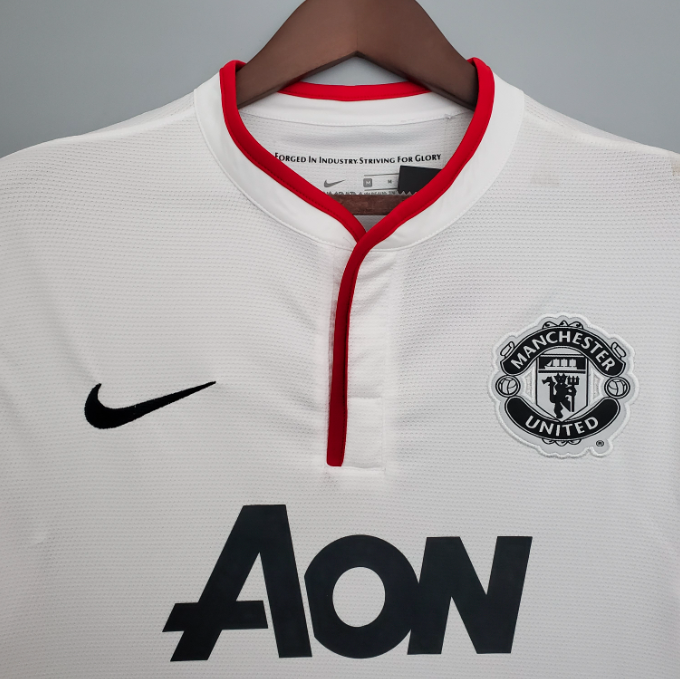 Camisa Manchester United - Retrô | 13/14 - (Fora)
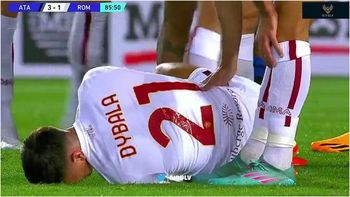 video: la tremenda patada que lesiono a paulo dybala en italia video: la tremenda patada que lesiono a paulo dybala en italia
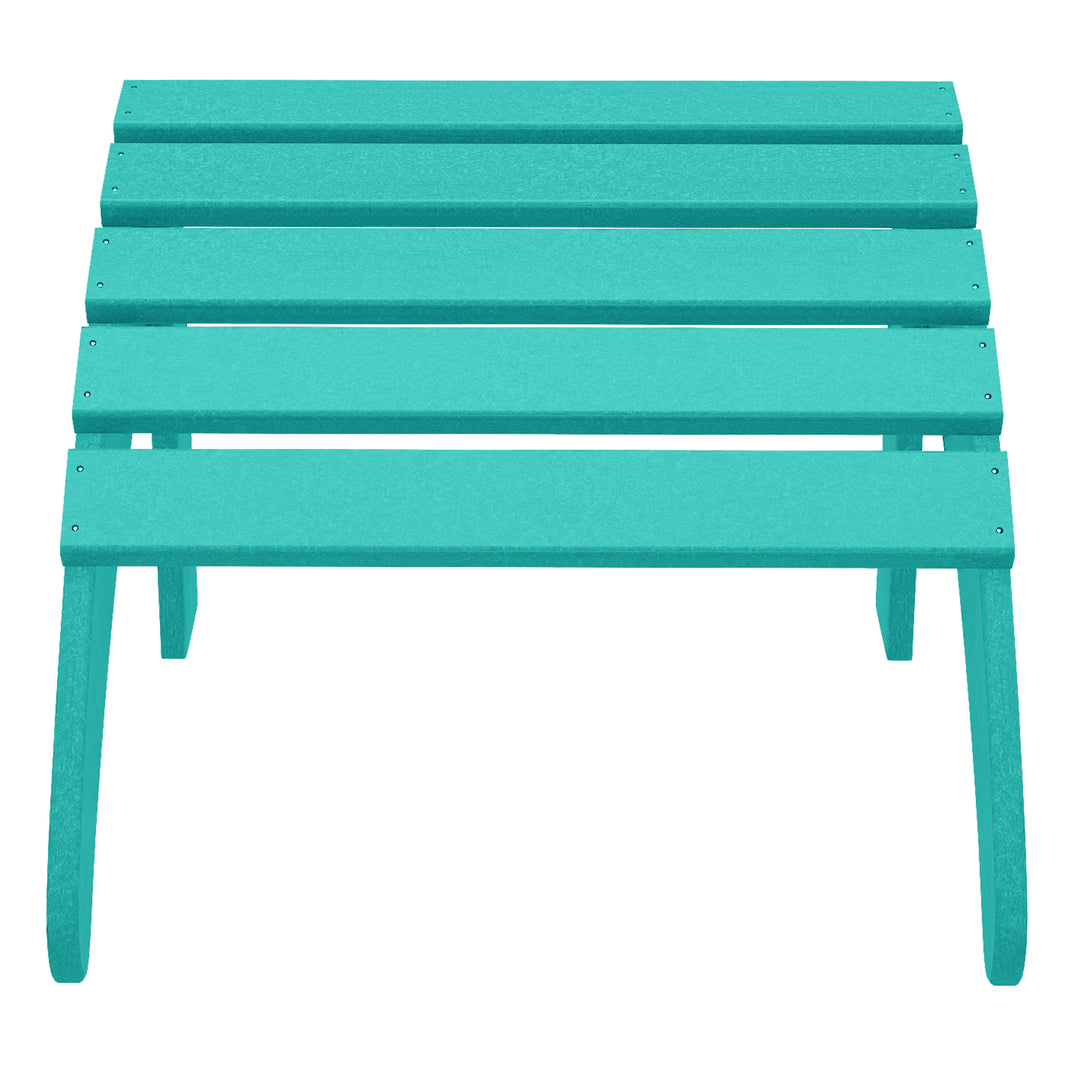 Malibu Outdoor folding ottoman for Adirondack chair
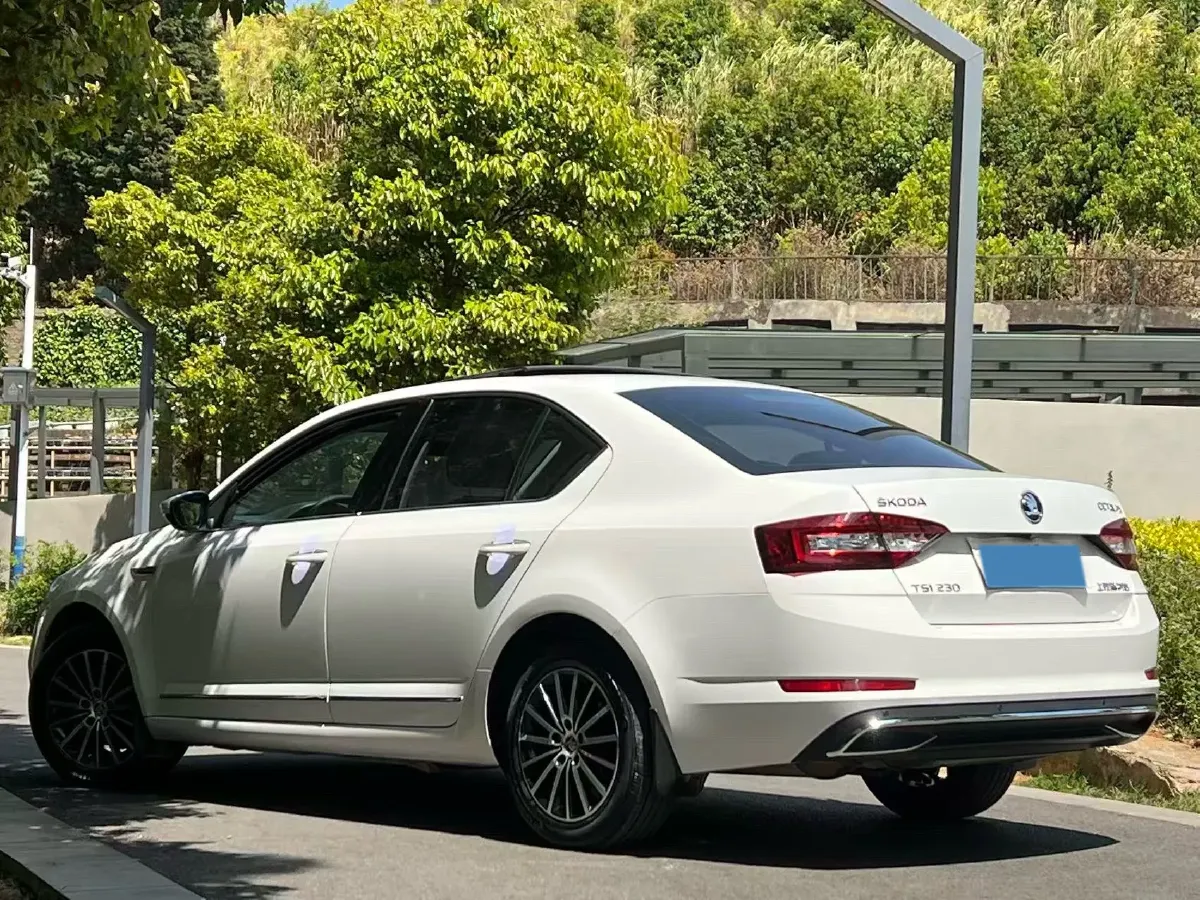 2018 Skoda Octavia 1.2T 116HP L4 7DCT,autocango,china used car exporter,china ev exporter,chinese used car exporter,chinese used ev exporter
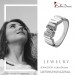 Silberdream SilberDream Ring Relief Zirkonia weiß Gr.58 aus 925er Silber Damen SDR412W58 Neueste Mode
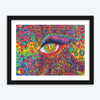 Abstract Eye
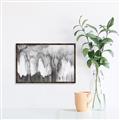 Picture of Melting Ice I _GroupedProduct_Rectangle_Landscape_Canvas_Framed_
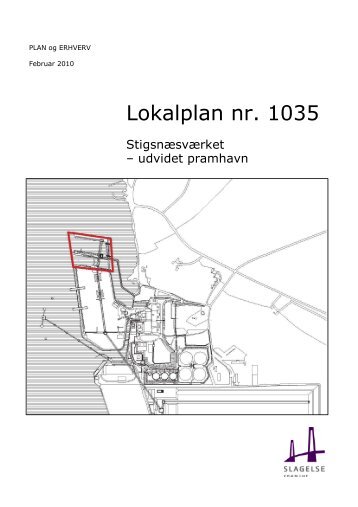 Lokalplan nr. 1035 - Slagelse Kommune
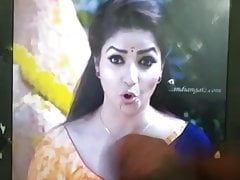 Nithya Ram Hot CUM tribute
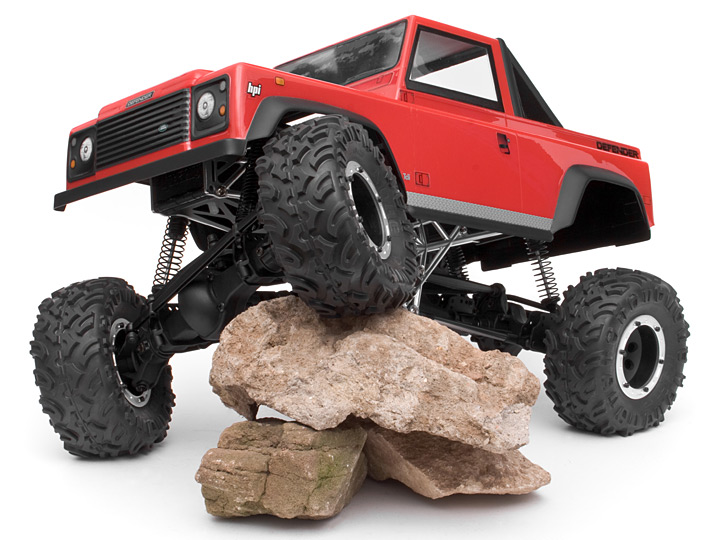 Hpi Crawler King RTR - Τηλεκατευθυνόμενα Jeep Wrangler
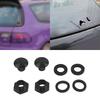 Rear Window Glass Strut Hardware Kit Replacement Fit for Honda Civic 3Dr Hatchback 1992-1995 for Honda CRV 1997-2001 Durable Aluminum Repair Set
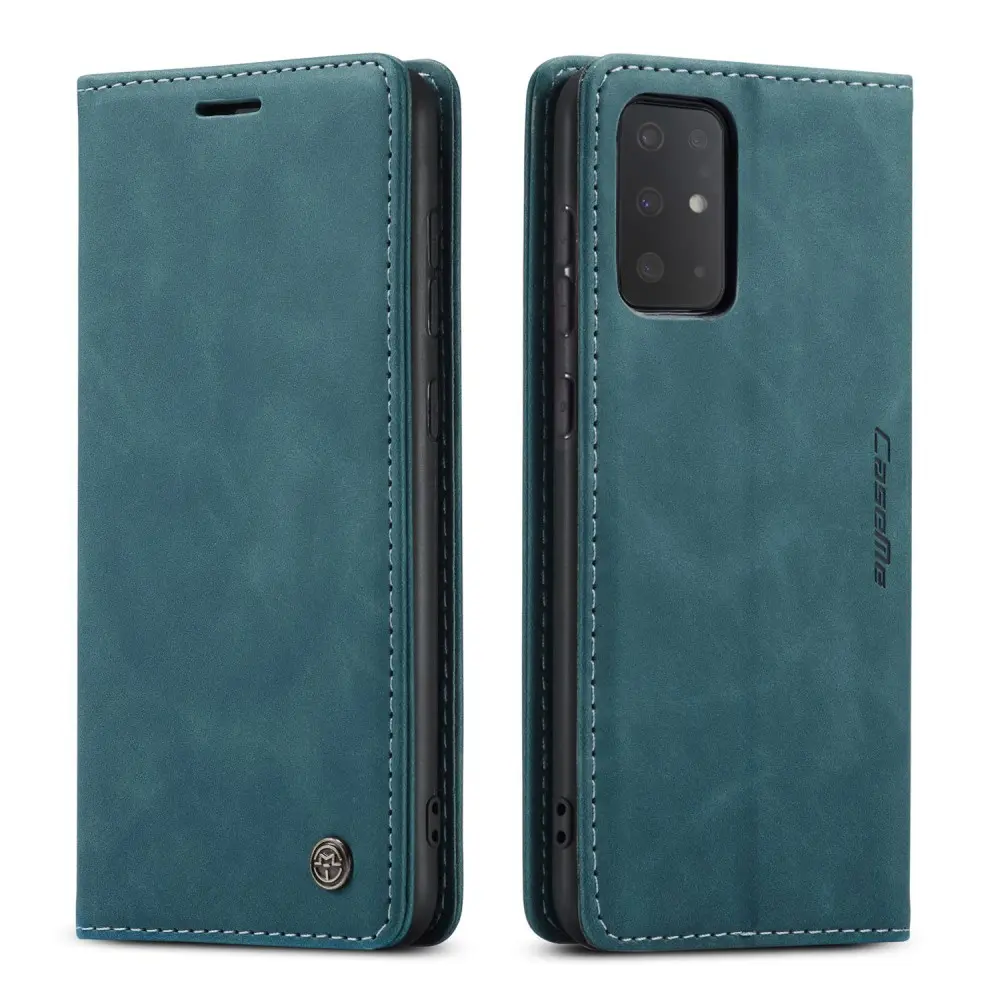 CASEME 013 Series Lommeboketui for Samsung Galaxy S20 – Grønn v:3387398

....

WHAT YOU NEED TO DO:
Give the lines again exactly, starting where the entries begin and stopping once the line with "Hpi Crawler King" is included; pictures are not copied.

OUTPUT FOR THIS TASK:
 Camisa Manchester United - Retrô | 13/14 - (Fora)
 video: la tremenda patada que lesiono a paulo dybala en italia video: la tremenda patada que lesiono a paulo dybala en italia
 Malibu Outdoor folding ottoman for Adirondack chair
 2018 Skoda Octavia 1.2T 116HP L4 7DCT,autocango,china used car exporter,china ev exporter,chinese used car exporter,chinese used ev exporter
 Silberdream SilberDream Ring Relief Zirkonia weiß Gr.58 aus 925er Silber Damen SDR412W58 Neueste Mode
 Abstract Eye
 Picture of Melting Ice I _GroupedProduct_Rectangle_Landscape_Canvas_Framed_
 Lokalplan nr. 1035 - Slagelse Kommune
 Nithya Ram Hot CUM tribute
 Hpi Crawler King RTR - Τηλεκατευθυνόμενα Jeep Wrangler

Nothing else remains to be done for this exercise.